E, poi, subito il gradino generazionale che tanto piace a
Renzi: dell’Europa, non vuole scattare un’istantanea, ma fare un selfie. E ne
viene fuori –dice- un volto stanco, rassegnato, noioso. Invece il suo è un
discorso ad effetto, scoppiettante, che vuole ”ritrovare l’anima dell’Europa”
–obiettivo ambizioso, se ve n’è uno- ed essere all’altezza “della grandezza dei
Padri”, che il premier ritrova nella tradizione classica greca e latina.

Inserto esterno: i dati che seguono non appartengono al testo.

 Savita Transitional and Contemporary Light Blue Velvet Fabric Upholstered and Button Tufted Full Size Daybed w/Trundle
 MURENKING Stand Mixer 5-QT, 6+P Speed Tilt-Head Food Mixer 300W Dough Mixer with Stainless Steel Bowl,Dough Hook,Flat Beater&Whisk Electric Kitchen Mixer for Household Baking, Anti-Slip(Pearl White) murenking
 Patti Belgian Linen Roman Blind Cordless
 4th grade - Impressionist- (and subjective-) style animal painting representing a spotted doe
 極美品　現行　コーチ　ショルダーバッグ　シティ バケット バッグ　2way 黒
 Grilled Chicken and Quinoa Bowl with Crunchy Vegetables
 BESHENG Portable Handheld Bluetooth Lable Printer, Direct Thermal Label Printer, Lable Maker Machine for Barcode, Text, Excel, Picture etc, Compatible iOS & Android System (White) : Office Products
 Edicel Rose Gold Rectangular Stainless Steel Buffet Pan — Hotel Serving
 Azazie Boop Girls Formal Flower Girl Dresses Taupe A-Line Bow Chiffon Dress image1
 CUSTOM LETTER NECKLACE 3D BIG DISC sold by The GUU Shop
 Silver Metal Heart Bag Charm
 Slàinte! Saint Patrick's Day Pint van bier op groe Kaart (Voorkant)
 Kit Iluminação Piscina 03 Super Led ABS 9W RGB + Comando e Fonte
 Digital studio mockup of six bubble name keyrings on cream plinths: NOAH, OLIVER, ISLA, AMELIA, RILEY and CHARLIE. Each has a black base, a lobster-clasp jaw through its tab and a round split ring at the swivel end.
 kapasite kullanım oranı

Persino Manuel Barroso, il presidente della Commissione
europea, un portoghese prudentissimo, sente stridere qualcosa, se, prendendo la
parola, ricorda a Renzi che Italia e Grecia sono state spesso al centro dei
discorsi europei negli ultimi anni, ma non nel segno della tradizione oratoria
di Demostene e Cicerone, bensì per problemi di conti in disordine e palpitazioni
sull’euro.
Crescita, occupazione, immigrazione sono le parole più
concrete del discorso di Renzi. E flessibilità forse la più ricorrente, sempre
accompagnata dalla precisazione, che l’Italia, Paese fondatore e contribuente
netto, “non viene in Europa a chiedere, ma a dare”, “non chiede scorciatoie, ma
offre la sua disponibilità a fare la propria parte”.
Tra frasi ad effetto (“Non ci interessa giudicare il
passato, ci interessa costruire il futuro”; o “l’Europa dfeve tornare a essere
una frontiera” –ma perché, non lo è?-) e proposte magari buone, ma buttate lì
(un servizio civile europeo), la ciliegina sulla torta è la mano tesa alla Gran
Bretagna: se è vero che “l’Unione senza la Gran Bretagna non sarebbe se
stessa”, è però altrettanto vero che “ricondurre all’unità tutte le posizioni”
significa procedere al minimo comune denominatore. Facendo a pugni con “il
coraggio” e l’orgoglio” e la riscoperta della frontiera.